--- Records excerpted from a collection ---
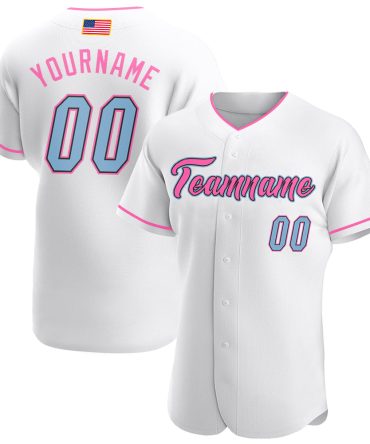 Custom White Light Blue-Pink American Flag Fashion Baseball Jersey, Gift For Baseball Fans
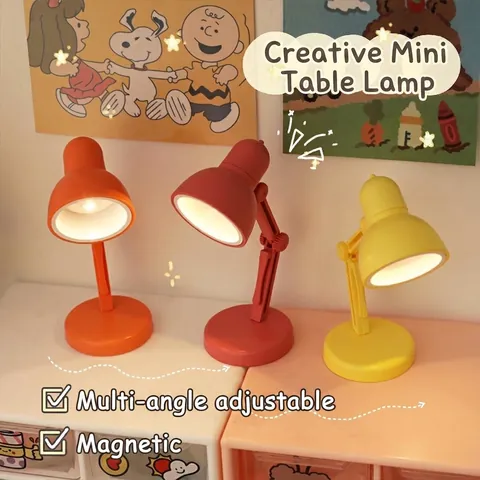 Mini LED Desk Lamp Folding Portable Plastic Magnetic Base Adjustable Eye Protection Warm Night Light For Reading Desktop Decor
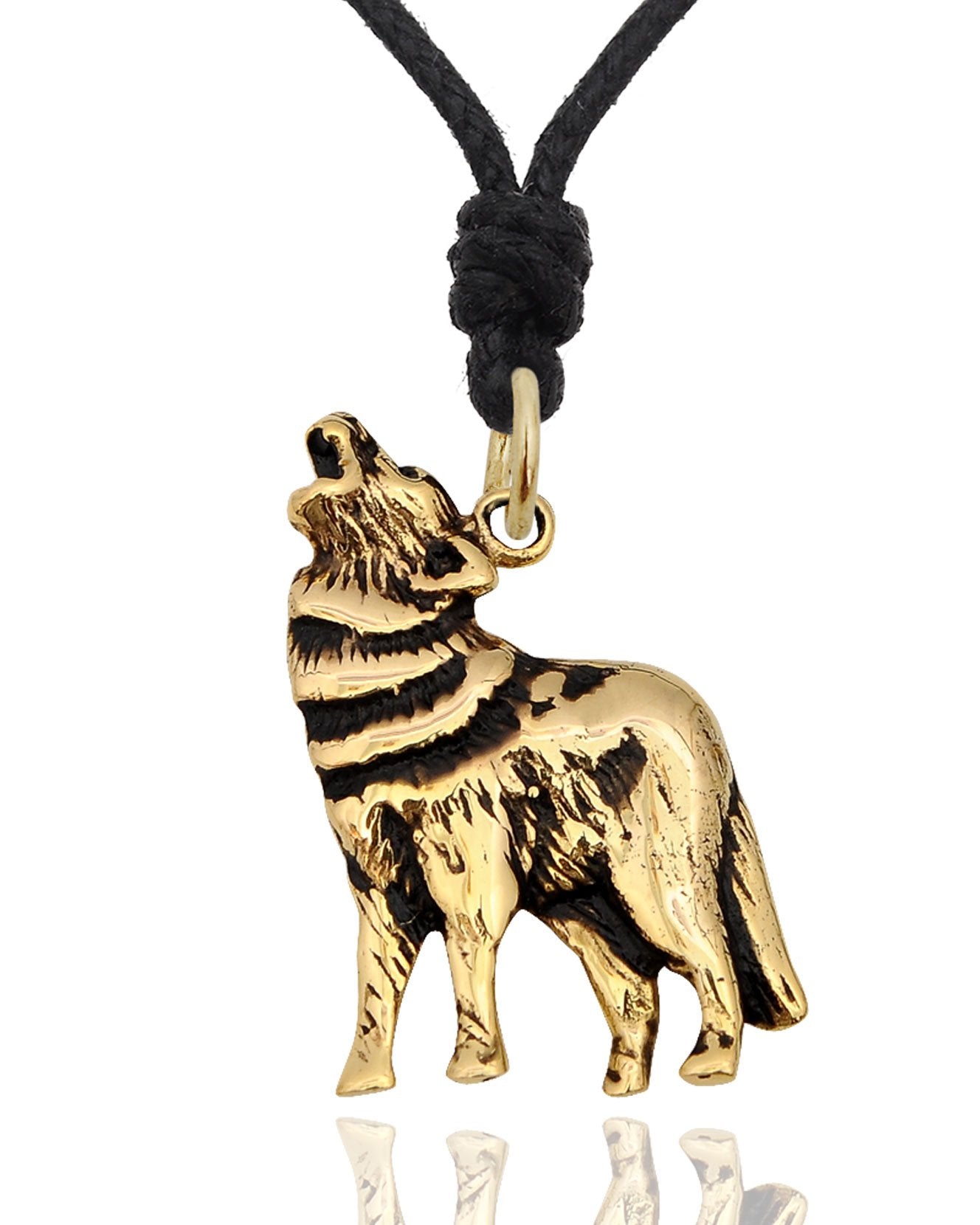 Wolf Coyote Dog Gold Brass Charm Necklace Pendant Jewelry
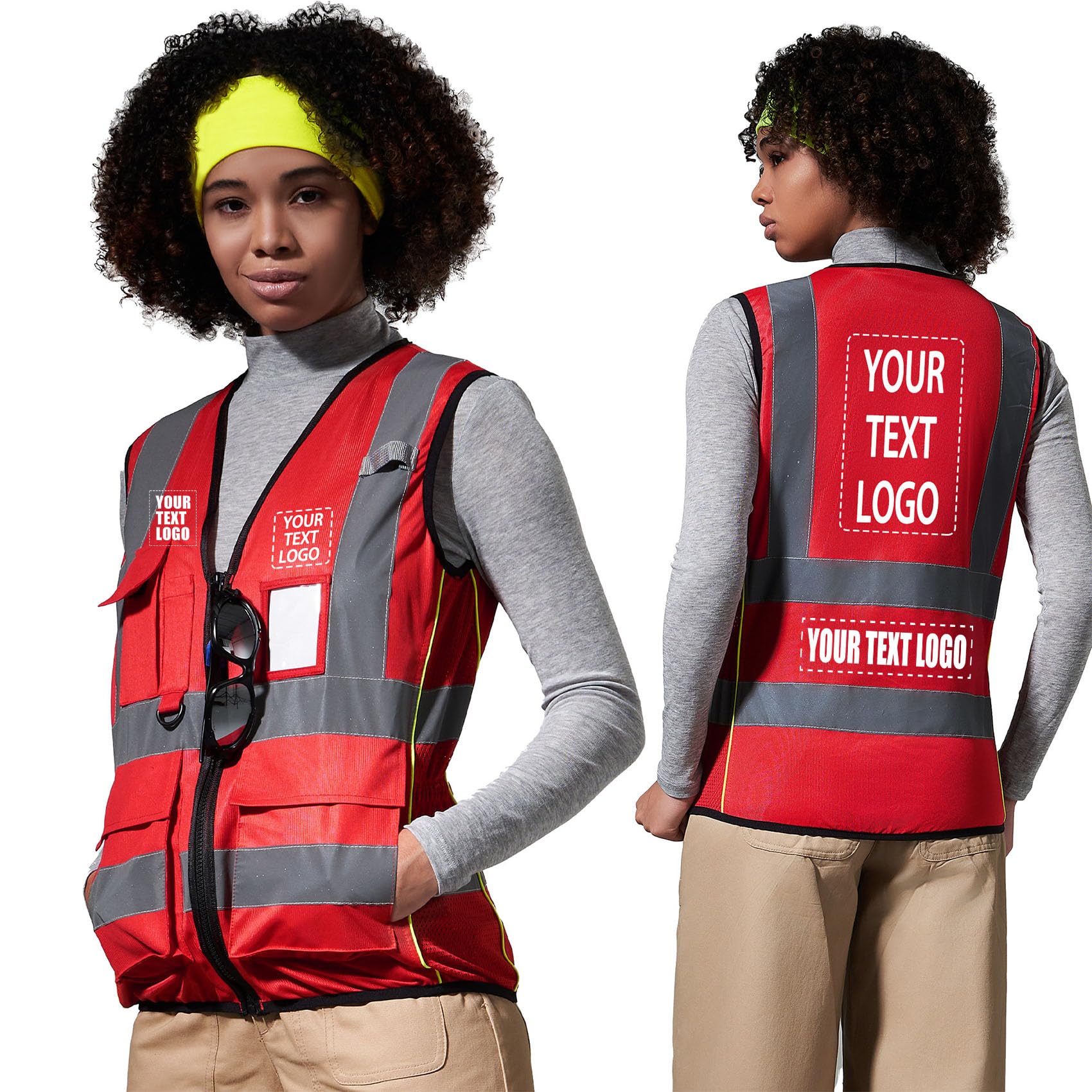 AYKRM personalised Red Women Hi Vis Vests Red High Visibility Reflective Safety Security Vest with Pockets zipper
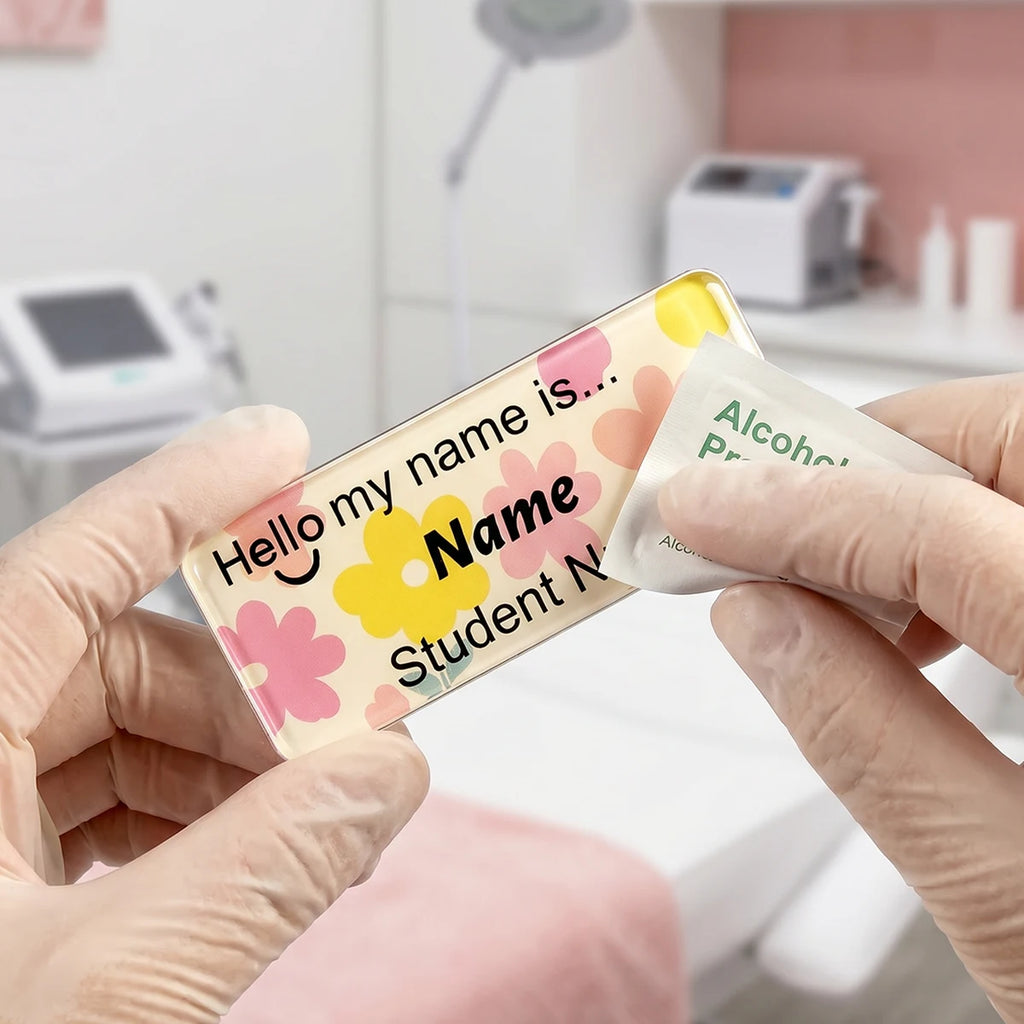 Personalized Acrylic Name Tag, Custom Text Pin Badge, Cute Uniform Name Plate, Nurse Teacher Retail Staff ID Badge.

--- What is required ---
Each line from the start of the entries to the line holding "Mini LED Desk" is to be given again exactly, both ends included, and each picture is to be left out.

--- Exercise result ---
 Custom White Light Blue-Pink American Flag Fashion Baseball Jersey, Gift For Baseball Fans
 Mini LED Desk Lamp Folding Portable Plastic Magnetic Base Adjustable Eye Protection Warm Night Light For Reading Desktop Decor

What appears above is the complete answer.